Comunidades indígenas de todo o Brasil estão sendo beneficiadas com o Programa Cidadania, Direito de Todos, do Conselho Nacional de Justiça (CNJ). A iniciativa foi criada em meados do ano passado, para possibilitar o registro dos índios, com a concessão de certidões de nascimento, CPFs e carteiras de identidade e de trabalho. O juiz auxiliar da presidência do Conselho e coordenador da iniciativa, Daniel Issler, explicou que o projeto já passou por aldeias de Mato Grosso do Sul que têm contato com a sociedade tradicional. Na ocasião, mais de mil pessoas foram atendidas. Agora, o programa chega à Amazônia. A expectativa é de que oito mil documentos sejam expedidos.

De acordo com o magistrado, o registro civil é um passo fundamental para incluir os índios no universo dos direitos concedidos pelo Estado, entre eles educação ou programas de transferência de renda, como o Bolsa Família. O programa é desenvolvido em parceria com diversas entidades, entre elas a Secretaria de Direitos Humanos da Presidência da República e a Fundação Nacional do Índio (Funai) – os maiores parceiros em nível nacional.
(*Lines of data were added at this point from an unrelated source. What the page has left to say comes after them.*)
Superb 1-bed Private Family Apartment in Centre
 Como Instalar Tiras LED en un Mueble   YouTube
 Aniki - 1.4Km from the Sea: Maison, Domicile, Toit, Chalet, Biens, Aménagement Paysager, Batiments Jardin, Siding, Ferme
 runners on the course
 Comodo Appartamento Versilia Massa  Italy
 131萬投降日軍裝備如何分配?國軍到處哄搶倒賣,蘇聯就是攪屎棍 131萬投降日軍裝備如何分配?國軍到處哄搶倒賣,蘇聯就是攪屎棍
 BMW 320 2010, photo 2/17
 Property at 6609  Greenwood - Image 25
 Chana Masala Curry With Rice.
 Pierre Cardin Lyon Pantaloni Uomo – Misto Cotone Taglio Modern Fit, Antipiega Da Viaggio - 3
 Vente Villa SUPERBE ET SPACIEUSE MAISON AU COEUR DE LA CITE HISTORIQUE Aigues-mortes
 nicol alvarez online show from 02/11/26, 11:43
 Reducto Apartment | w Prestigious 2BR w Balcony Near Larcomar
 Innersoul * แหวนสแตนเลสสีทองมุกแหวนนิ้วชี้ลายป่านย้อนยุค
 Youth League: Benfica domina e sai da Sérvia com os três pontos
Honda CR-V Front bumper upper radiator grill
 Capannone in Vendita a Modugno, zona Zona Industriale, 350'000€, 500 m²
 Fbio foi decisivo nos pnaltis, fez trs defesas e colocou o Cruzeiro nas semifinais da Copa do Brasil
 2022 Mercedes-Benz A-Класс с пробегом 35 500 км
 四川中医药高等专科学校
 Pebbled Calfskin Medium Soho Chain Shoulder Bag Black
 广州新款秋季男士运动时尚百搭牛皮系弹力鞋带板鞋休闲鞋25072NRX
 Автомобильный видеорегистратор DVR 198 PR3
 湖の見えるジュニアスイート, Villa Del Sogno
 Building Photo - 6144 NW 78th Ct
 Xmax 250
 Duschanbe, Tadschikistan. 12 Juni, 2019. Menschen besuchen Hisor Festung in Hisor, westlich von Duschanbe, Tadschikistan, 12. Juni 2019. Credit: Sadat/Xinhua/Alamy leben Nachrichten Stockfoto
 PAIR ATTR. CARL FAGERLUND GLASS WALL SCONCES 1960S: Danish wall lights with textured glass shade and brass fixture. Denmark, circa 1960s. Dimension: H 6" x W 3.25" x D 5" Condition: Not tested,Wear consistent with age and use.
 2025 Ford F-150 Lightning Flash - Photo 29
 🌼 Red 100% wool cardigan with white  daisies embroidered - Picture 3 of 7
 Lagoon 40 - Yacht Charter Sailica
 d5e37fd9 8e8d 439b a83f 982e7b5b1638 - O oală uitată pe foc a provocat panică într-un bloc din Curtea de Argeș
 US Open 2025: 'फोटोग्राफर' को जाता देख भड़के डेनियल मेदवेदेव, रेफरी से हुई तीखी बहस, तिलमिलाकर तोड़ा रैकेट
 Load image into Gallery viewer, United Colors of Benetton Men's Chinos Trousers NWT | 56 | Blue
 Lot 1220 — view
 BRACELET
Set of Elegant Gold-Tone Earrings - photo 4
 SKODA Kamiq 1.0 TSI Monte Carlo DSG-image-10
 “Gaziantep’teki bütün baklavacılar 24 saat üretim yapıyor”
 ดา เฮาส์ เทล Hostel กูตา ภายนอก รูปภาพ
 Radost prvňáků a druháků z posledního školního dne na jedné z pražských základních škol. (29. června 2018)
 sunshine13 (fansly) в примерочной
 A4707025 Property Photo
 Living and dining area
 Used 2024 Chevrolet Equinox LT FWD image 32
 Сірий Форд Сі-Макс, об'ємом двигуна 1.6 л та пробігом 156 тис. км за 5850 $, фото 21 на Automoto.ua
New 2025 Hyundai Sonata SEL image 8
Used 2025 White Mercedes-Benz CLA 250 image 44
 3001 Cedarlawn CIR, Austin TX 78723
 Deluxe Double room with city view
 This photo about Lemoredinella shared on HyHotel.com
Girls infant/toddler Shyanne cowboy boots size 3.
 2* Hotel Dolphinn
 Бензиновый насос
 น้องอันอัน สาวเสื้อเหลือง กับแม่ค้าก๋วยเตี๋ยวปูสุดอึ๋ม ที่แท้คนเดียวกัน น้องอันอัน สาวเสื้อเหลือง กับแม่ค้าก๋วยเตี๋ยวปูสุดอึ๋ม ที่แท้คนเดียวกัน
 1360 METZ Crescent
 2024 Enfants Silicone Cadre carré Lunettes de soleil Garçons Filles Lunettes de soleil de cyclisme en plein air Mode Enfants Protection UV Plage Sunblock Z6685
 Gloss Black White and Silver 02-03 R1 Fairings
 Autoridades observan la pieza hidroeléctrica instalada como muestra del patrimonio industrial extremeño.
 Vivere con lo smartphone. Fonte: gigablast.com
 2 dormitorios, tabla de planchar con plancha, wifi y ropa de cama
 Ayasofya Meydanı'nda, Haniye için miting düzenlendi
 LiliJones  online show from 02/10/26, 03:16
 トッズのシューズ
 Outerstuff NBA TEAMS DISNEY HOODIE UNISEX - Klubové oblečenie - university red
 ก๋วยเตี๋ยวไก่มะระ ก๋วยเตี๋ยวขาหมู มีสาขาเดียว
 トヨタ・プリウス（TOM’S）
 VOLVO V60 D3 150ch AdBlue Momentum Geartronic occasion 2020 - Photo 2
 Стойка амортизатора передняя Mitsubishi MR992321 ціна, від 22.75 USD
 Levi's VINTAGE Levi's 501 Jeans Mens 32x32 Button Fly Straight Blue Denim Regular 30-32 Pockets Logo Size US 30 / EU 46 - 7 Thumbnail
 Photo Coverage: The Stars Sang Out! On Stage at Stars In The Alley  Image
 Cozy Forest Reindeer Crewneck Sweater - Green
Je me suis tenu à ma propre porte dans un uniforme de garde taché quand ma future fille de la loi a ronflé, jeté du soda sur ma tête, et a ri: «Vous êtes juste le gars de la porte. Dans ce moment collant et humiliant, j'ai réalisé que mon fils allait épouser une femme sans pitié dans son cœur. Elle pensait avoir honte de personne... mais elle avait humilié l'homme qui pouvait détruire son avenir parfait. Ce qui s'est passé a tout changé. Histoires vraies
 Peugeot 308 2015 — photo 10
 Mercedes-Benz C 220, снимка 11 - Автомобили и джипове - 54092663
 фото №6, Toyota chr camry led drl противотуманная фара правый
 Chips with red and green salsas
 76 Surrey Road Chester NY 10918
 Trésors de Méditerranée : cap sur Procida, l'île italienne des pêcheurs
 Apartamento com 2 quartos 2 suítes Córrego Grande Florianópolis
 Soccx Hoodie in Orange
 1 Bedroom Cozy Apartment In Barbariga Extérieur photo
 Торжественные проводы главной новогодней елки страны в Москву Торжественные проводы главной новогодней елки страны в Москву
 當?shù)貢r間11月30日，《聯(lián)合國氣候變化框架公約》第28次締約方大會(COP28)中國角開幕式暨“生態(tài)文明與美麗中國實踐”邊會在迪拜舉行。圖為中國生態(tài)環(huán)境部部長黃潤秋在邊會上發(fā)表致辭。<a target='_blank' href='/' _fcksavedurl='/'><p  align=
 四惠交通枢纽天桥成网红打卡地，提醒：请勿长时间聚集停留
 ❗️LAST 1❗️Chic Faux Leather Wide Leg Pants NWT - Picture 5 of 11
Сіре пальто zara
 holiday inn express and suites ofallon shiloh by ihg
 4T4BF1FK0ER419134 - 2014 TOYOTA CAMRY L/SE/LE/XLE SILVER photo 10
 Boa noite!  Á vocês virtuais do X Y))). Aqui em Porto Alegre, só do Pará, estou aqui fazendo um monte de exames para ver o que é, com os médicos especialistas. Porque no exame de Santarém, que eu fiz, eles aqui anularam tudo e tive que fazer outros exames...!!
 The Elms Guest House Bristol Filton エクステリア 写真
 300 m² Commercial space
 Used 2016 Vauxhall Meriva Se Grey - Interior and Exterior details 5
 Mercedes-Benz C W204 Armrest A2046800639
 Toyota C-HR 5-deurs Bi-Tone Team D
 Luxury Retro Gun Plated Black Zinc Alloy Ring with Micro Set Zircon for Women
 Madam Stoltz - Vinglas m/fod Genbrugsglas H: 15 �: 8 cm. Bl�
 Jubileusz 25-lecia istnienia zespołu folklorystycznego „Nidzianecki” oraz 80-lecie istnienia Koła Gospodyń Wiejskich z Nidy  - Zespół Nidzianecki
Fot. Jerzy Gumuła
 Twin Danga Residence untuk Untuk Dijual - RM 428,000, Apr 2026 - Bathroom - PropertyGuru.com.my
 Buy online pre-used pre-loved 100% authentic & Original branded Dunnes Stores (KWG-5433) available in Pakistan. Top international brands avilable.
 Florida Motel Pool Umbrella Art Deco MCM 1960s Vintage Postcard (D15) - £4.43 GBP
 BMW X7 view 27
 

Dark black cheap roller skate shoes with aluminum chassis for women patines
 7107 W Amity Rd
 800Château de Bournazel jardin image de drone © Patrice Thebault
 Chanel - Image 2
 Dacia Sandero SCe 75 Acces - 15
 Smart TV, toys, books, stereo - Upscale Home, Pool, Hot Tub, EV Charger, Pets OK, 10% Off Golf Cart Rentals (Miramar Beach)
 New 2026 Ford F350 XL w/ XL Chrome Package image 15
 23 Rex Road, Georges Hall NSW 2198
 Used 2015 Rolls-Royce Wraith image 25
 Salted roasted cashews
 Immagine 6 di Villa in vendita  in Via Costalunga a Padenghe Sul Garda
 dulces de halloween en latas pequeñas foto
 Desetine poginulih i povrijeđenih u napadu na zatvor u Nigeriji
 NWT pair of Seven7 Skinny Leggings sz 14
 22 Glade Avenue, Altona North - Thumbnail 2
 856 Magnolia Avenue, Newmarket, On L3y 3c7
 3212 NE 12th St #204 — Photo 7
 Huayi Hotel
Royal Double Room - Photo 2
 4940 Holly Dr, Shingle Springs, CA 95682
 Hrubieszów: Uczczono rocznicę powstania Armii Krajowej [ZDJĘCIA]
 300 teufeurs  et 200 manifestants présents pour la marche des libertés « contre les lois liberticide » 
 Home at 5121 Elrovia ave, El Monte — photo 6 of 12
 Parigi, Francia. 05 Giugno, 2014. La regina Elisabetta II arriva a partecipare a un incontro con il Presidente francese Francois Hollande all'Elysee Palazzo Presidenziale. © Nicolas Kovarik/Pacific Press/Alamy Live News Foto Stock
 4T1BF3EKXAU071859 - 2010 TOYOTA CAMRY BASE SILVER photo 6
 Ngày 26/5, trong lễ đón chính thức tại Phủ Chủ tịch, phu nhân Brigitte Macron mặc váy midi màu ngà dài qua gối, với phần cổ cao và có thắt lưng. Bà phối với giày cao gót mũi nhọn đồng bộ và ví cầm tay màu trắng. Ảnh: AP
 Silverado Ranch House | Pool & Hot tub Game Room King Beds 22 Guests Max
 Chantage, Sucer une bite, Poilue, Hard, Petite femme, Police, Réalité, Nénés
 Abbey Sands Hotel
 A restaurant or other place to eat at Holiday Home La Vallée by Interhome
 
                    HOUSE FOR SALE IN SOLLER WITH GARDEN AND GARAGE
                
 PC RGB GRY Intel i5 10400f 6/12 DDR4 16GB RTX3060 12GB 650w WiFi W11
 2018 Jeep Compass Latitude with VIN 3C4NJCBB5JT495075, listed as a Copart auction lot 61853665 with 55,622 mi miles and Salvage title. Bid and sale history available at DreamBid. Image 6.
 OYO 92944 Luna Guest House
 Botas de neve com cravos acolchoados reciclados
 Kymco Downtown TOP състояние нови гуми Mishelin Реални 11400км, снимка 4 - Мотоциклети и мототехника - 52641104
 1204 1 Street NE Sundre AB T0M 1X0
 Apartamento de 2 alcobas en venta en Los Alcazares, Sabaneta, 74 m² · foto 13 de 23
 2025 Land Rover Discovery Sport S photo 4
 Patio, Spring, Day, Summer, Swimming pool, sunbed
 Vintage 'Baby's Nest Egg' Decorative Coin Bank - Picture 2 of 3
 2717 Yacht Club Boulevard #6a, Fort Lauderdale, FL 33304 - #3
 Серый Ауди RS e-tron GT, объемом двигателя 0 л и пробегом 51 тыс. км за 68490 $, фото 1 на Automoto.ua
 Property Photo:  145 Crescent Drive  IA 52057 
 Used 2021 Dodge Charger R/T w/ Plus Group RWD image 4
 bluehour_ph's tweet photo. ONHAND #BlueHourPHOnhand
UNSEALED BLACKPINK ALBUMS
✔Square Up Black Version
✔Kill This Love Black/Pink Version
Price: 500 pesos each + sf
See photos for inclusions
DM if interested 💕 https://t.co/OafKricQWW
“O projeto busca, dessa forma, fazer com que os índios tenham registro de nascimento, RG, CPF e Carteira de Trabalho. Isso tudo sem afetar a identidade cultural deles. Os documentos são expedidos de forma que os índios não precisam ter receio de perder sua condição. Nos documentos, há menção da aldeia de origem, que é a naturalidade deles, assim como a etnia à qual eles pertencem. Essa menção é feita em campo separado e de acordo com as normas das corregedorias de cada estado”, explicou Issler.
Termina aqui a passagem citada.